Jojo Galvan Moro was featured in an episode of WBEZ’s Curious City on how Chicago’s Indian Boundary Park got its name. https://www.wbez.org/stories/history-of-indian-boundary-park-in-chicago/225c2684-a657-4d44-bdf6-2d39d68ed71c
Marquis Taylor has been featured in several publications and on television for his work creating the first exhibit about African Americans at the Tenement Museum in NYC. Published coverage and the TV spot on NYC’s ABC affiliate are here: (NY Times and The Gothamist) and an interview with ABC7. The exhibit has also been covered in The New Yorker.
Mary Kate Robbett has won two research awards: the Smithsonian Institution Predoctoral Fellowship at the National Museum of American History (NMAH) and the Colonial Dames of America’s American History Award. Both awards will support dissertation research.
Holly Swenson has won the 2023 Duncan Tanner Prize from Modern British History for her article "A ‘High Quality’ Deal: the Business of British Comedy Television in Australia, 1960-1990.” And as if that were not enough, Holly also recent published an article, '“The Vital Link”: British Print Media Export to Australia, 1853–1980,” in Enterprise & Society.
John Branch has received two research fellowships, the Sam Fishman Travel Grant from the Walter P. Reuther Library Archives of Labor and Urban Affairs and the Alfred D. Chandler Jr. Travel Fellowship from the Business History Initiative at Harvard Business School. Both support John’s dissertation research. John also won the Outstanding Graduate Student Teaching Award from Weinberg College!
John Sullivan received a one-month fellowship from UCLA's Clark Memorial Library to work with the manuscripts of the eighteenth-century French geologist Fleuriau de Bellevue.
Hope McCaffrey is serving as the Andrew Mellow Predoctoral Fellow in Women’s History at the New-York Historical Society.
Elizabeth Barahona received a full-year Mellon Dissertation Grant from the Institute for Citizens and Scholars.
Heather Menefee has won a Presidential Fellowship from the Society of Fellows at Northwestern University, which provides two full years of fellowship funding.
Ming-hsi Chu has a raft of good news! First, Ming-hsi was awarded Buffett Institute's Global Impacts Graduate Fellowship for 2023-2024. Second, he attended the Max Planck Institute's Chinese Legal Tradition Workshop in summer 2023. Finally, Ming-hsi presented a paper, "From Tax Farming to Fiscal Miracles: The CCP's Legal Strategies for Tax Collection in China, 1931-1952," at the 17th Annual Conference of the European China Law Studies Association (ECLS) in September 2023.
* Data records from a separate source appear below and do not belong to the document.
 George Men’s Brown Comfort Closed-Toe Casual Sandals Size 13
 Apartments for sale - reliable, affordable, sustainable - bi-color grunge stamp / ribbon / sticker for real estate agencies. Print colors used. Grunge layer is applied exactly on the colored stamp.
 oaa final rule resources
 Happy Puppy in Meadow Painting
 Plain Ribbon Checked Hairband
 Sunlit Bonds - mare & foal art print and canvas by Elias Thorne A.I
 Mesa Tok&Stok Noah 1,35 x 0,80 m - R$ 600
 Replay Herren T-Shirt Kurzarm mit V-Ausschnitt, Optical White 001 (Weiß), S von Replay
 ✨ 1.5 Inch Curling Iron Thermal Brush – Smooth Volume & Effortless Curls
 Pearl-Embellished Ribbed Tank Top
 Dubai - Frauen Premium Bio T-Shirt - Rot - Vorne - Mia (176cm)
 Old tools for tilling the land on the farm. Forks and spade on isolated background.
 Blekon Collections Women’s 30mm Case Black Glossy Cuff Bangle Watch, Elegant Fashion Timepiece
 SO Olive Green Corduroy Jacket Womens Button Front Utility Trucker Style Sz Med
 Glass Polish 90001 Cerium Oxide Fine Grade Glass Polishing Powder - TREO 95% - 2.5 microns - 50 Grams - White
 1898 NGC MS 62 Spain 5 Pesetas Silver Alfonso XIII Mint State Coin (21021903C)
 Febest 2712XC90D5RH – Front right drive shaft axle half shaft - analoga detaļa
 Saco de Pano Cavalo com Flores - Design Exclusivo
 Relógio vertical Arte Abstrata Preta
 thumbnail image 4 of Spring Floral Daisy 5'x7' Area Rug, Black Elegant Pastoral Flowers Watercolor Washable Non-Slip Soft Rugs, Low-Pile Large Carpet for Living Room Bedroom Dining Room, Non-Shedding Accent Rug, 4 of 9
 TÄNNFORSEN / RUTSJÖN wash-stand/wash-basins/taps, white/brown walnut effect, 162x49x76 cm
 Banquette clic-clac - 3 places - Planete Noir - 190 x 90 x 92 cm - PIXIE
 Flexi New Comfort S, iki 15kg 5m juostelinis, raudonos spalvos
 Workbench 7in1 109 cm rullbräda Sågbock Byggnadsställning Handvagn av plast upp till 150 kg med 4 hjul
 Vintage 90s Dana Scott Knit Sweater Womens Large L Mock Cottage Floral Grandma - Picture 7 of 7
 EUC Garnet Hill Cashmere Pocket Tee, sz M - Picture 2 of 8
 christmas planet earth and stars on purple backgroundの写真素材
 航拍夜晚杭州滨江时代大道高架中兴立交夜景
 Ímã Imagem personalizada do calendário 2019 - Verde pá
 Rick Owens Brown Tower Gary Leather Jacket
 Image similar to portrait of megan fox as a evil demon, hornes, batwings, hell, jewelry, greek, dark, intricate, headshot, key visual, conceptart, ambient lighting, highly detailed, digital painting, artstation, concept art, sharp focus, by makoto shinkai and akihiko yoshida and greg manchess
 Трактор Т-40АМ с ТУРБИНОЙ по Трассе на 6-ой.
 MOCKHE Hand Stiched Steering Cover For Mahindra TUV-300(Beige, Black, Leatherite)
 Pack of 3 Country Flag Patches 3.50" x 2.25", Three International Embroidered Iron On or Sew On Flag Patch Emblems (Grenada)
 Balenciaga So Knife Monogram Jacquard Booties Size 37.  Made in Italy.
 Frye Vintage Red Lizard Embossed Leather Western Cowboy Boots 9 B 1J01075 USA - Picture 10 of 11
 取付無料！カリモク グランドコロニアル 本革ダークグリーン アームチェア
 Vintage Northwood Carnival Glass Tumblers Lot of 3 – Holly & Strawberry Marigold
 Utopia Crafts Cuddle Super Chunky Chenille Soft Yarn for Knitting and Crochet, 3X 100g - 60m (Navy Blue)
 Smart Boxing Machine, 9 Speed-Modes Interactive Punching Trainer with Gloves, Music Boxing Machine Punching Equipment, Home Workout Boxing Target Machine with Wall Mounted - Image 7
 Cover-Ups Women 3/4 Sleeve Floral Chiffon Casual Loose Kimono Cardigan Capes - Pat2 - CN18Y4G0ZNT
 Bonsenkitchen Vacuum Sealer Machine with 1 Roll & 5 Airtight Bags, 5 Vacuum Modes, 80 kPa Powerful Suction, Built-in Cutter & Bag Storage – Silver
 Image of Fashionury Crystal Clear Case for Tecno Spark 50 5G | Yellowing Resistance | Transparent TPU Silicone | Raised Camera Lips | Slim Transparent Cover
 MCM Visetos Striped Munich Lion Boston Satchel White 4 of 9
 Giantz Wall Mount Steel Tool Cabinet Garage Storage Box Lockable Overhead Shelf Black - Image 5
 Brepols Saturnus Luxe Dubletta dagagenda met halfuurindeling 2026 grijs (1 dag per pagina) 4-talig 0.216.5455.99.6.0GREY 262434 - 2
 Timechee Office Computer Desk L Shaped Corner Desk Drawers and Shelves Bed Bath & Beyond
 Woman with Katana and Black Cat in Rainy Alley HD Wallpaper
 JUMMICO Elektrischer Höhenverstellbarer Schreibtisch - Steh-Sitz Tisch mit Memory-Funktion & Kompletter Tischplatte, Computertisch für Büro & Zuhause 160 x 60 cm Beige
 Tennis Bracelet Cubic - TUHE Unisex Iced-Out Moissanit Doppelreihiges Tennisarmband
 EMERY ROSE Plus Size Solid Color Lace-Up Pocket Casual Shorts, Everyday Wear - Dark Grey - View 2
Aisha Valiulla won the Outstanding Graduate Student Teacher Award for all of Weinberg College for 2022-2023.
Mian Chen presented “Farewell to Revolution: Radical Leftist Cultures and the Colonial Government’s Responses in Hong Kong (1949-1952)” at the American Historical Association Annual Meeting in Philadelphia, January 2023. Mian also won a research grant from the Library of Congress, The Asian Division Florence Tan Moeson Research Fellowship.
Anqi Pan won a dissertation fellowship from the Sexualities Project at Northwestern.
Charlotte Rosen won the Graduate Student Paper Prize from the Law and Society Association for her paper, "Harris v. Philadelphia and the Dilemma of Mass Imprisonment in Law and Order Philadelphia, 1986-2000.”
Maria Katsulos won funding from the Sexualities Project at Northwestern (SPAN) for archival research in the UK. She also presented a paper, "Queer Masculinities and Gender Performance in Jacobean Portraiture,” at the North American Conference on British Studies in Baltimore in November.
Bogdan Pavlish published an essay, "Wandering Thoughts on Wandering Histories,” in Ab Imperio, vol. 2023 no. 1, 2023, p. 99-106. Project MUSE, doi:10.1353/imp.2023.0008.
Semiu Adegbenle won a TGS Graduate Research Grant, the Program of African Studies Travel Grants and Panofsky Award, as well as the Institut Français de Recherche en Afrique (IFRA-Nigeria) Project Fund to help fund his predoctoral research in Togo.